# PROBLEM DESCRIPTION
Everything in the data gets repeated exactly, except for the pictures.

# RECORDED INFORMATION
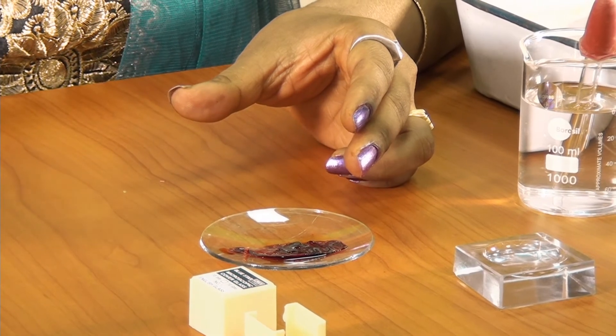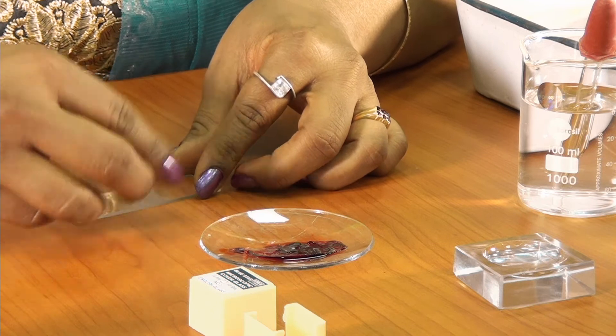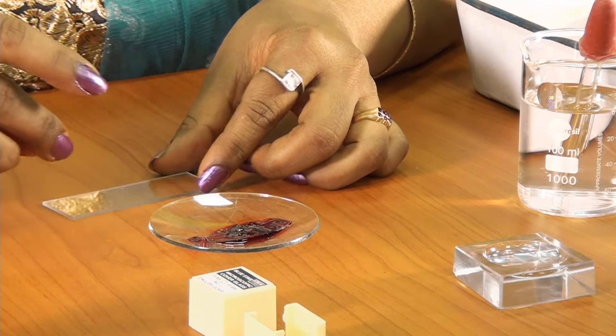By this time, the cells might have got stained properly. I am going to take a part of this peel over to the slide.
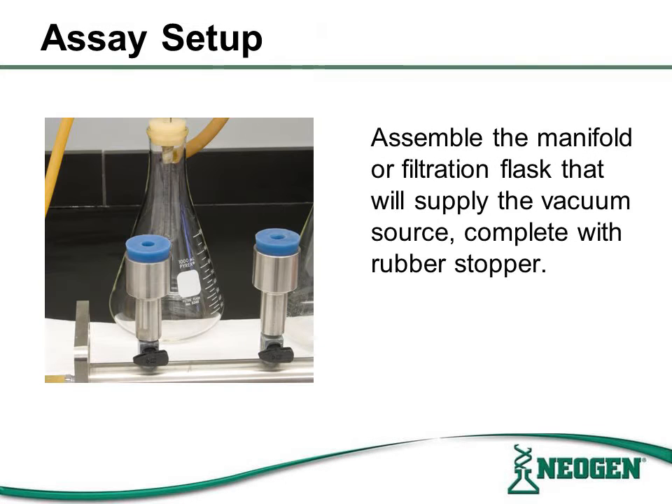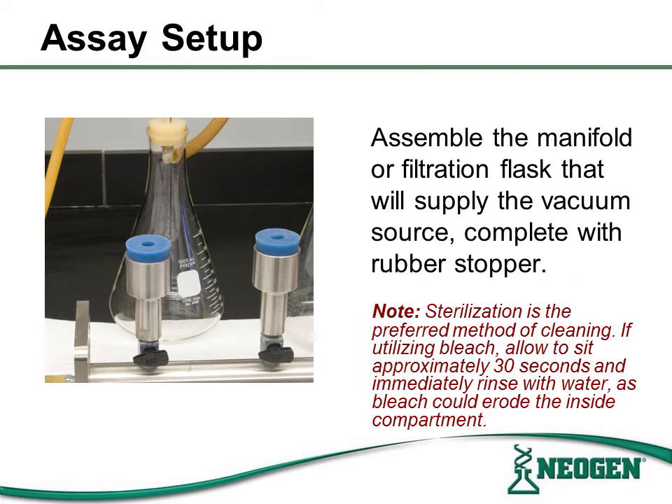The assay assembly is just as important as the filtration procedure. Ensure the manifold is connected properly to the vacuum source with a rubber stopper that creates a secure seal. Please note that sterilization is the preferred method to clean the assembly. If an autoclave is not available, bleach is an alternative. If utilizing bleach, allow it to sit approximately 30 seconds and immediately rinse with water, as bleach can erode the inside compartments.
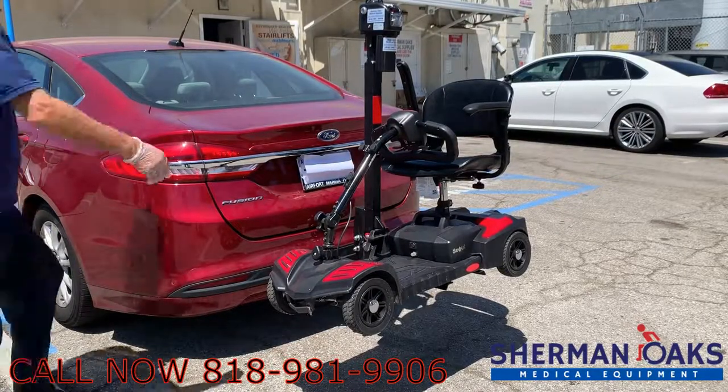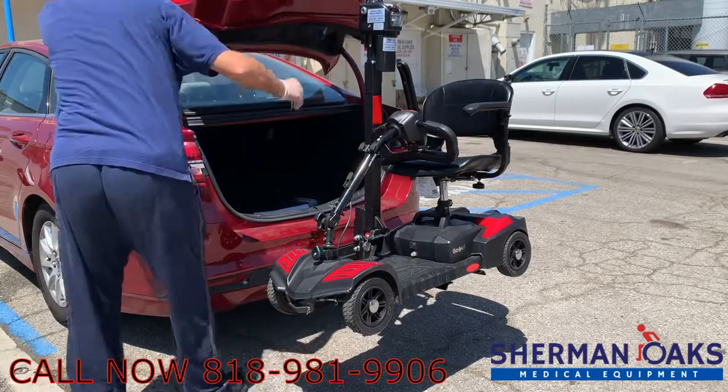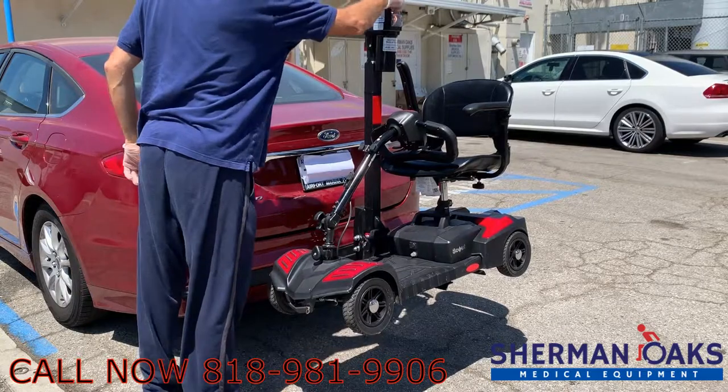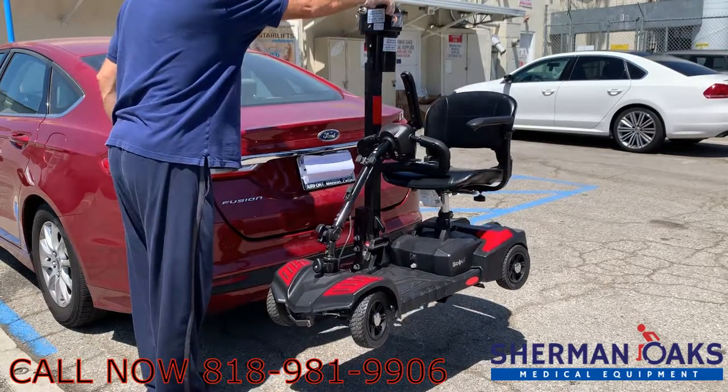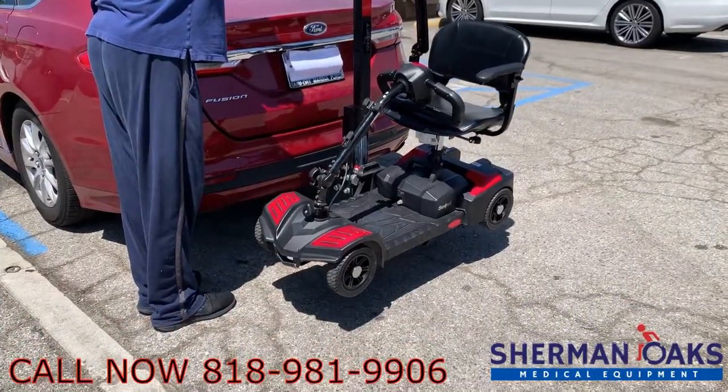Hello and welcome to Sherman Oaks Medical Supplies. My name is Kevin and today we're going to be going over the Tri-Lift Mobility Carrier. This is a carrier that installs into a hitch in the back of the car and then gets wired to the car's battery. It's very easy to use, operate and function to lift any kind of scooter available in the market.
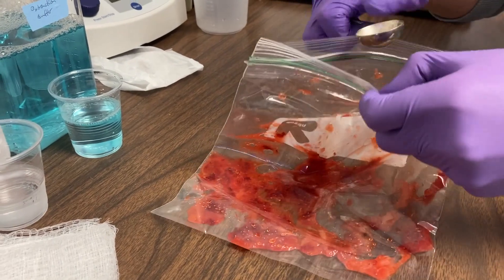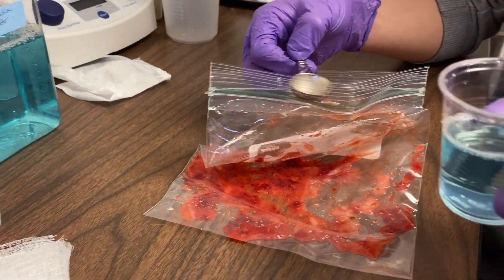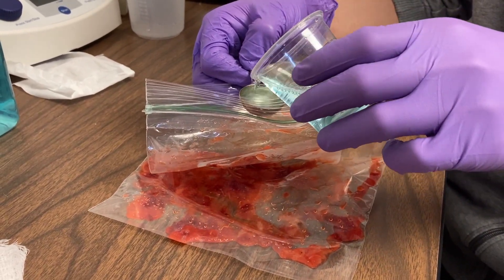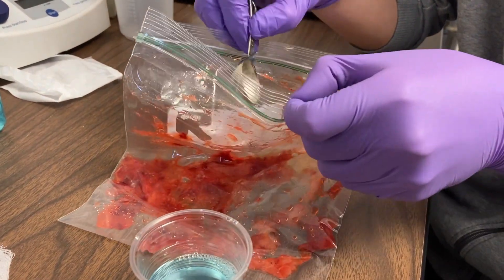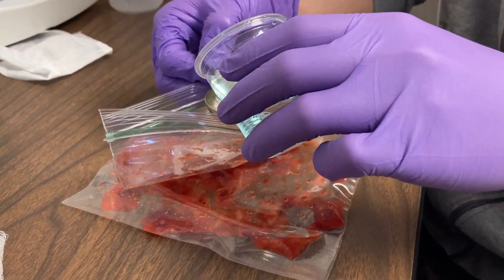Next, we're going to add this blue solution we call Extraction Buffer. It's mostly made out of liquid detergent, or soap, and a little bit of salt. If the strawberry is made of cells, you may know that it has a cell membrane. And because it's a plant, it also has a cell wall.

# RESPONSE BOX
By this time, the cells might have got stained properly. I am going to take a part of this peel over to the slide.
The assay assembly is just as important as the filtration procedure. Ensure the manifold is connected properly to the vacuum source with a rubber stopper that creates a secure seal. Please note that sterilization is the preferred method to clean the assembly. If an autoclave is not available, bleach is an alternative. If utilizing bleach, allow it to sit approximately 30 seconds and immediately rinse with water, as bleach can erode the inside compartments.
Hello and welcome to Sherman Oaks Medical Supplies. My name is Kevin and today we're going to be going over the Tri-Lift Mobility Carrier. This is a carrier that installs into a hitch in the back of the car and then gets wired to the car's battery. It's very easy to use, operate and function to lift any kind of scooter available in the market.
Next, we're going to add this blue solution we call Extraction Buffer. It's mostly made out of liquid detergent, or soap, and a little bit of salt. If the strawberry is made of cells, you may know that it has a cell membrane. And because it's a plant, it also has a cell wall.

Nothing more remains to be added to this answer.